Deskripsi Pekerjaan
Are you obsessed with system performance, scalability, and uptime? NexusCloud Systems is looking for a Senior SRE to join our infrastructure team in the heart of San Francisco. You will play a critical role in building and maintaining the resilient, high-traffic systems that power our global platform.
You will work at the intersection of software engineering and operations, utilizing modern observability tools to ensure our services are performant and reliable at scale. If you thrive in a high-growth environment and enjoy solving complex distributed systems problems, we want to hear from you.
Tanggung Jawab
- Design, build, and maintain highly available, scalable, and resilient distributed systems.

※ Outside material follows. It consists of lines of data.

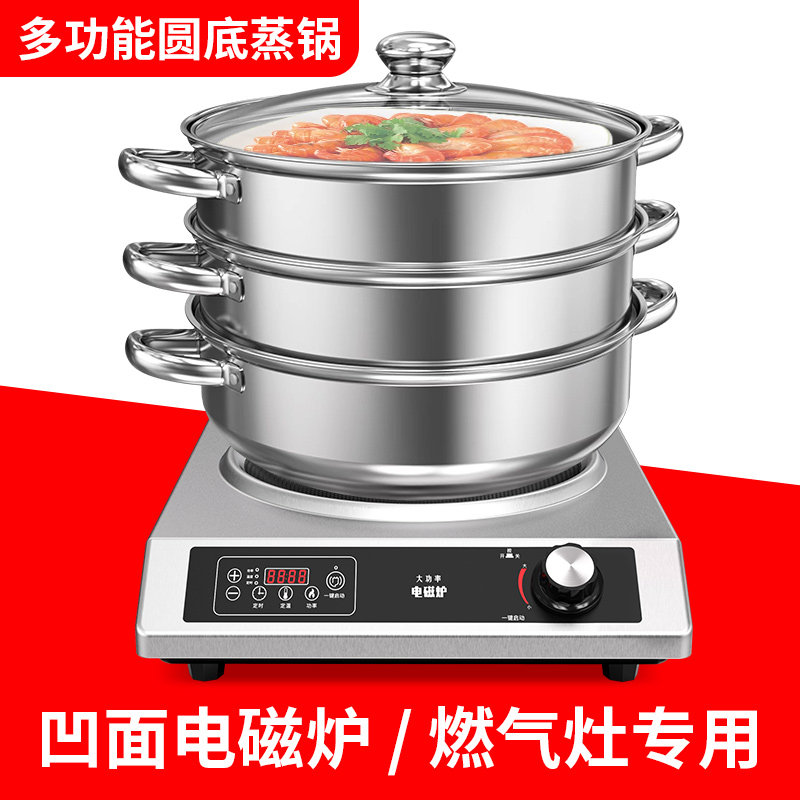 凹面电磁炉专用锅不锈钢圆底汤y锅家用凹型火锅锅多功能蒸锅尖底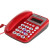 定制定制B255来电显示 电话机 办公座机宾馆电话双插孔座式 带报号功能红色B270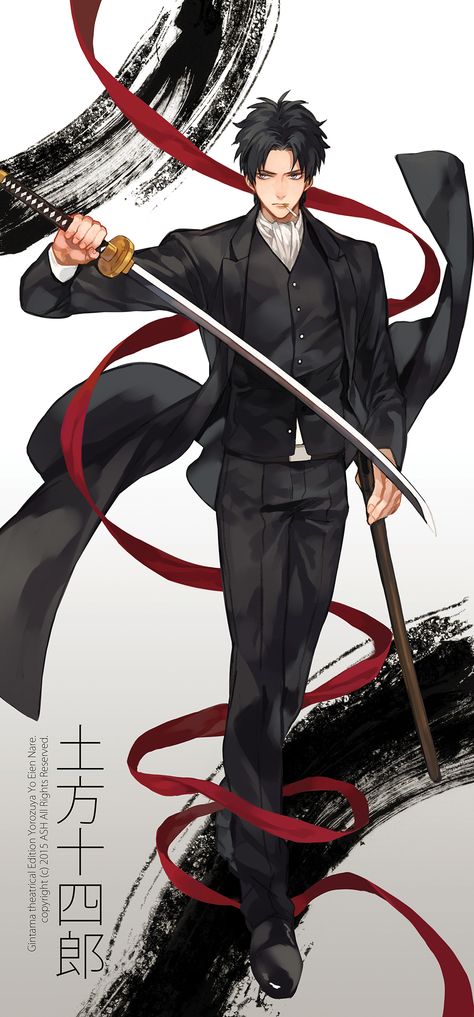 #gintama #銀魂 Gintama Hijikata, Gintama Funny, Anime I, Gin Tama, Ciel Phantomhive, Levi Ackerman, Anime Images, Anime Character, Anime Funny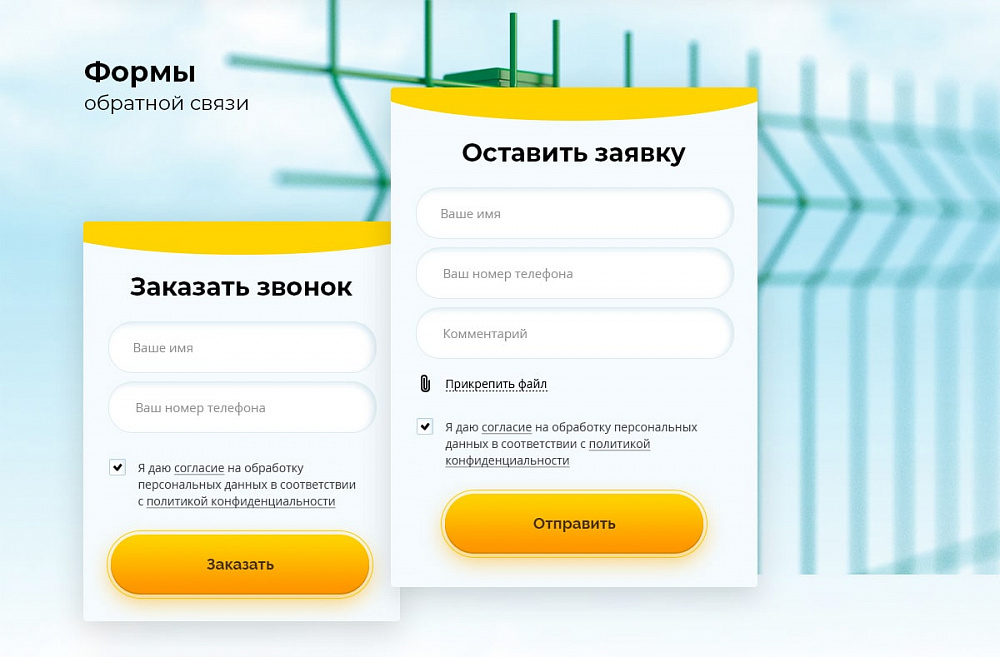 Одностраничный сайт компании «Удачный забор»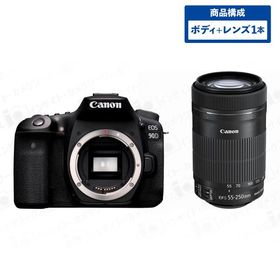キヤノン EOS 90D ボディ ブラック + 望遠ズームレンズセット EF-S55-250mm F4-5.6 IS STM デジタル一眼レフカメラ イオス Canon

- Automate infrastructure management using Infrastructure as Code (IaC) tools like Terraform and Pulumi.
- Drive capacity planning, performance tuning, and system optimization initiatives.
- Lead incident response efforts and conduct blameless post-mortems to improve system reliability.
- Develop and maintain monitoring, logging, and alerting frameworks to ensure 99.99% uptime.
- Partner with software engineering teams to improve deployment pipelines and CI/CD automation.
- Mentor junior team members and foster a culture of engineering excellence.
Kualifikasi
- 5+ years of experience in Site Reliability Engineering, DevOps, or Systems Engineering.
- Expert-level proficiency in public cloud environments (AWS, GCP, or Azure).
- Deep knowledge of Kubernetes, container orchestration, and microservices architecture.
- Fluency in programming languages such as Go, Python, or Java for automation and tooling.
- Experience with observability platforms like Prometheus, Grafana, Datadog, or New Relic.
- Strong understanding of CI/CD methodologies and tools (GitHub Actions, Jenkins, or GitLab CI).
- Ability to thrive in a collaborative, fast-paced, remote-first, or hybrid work culture.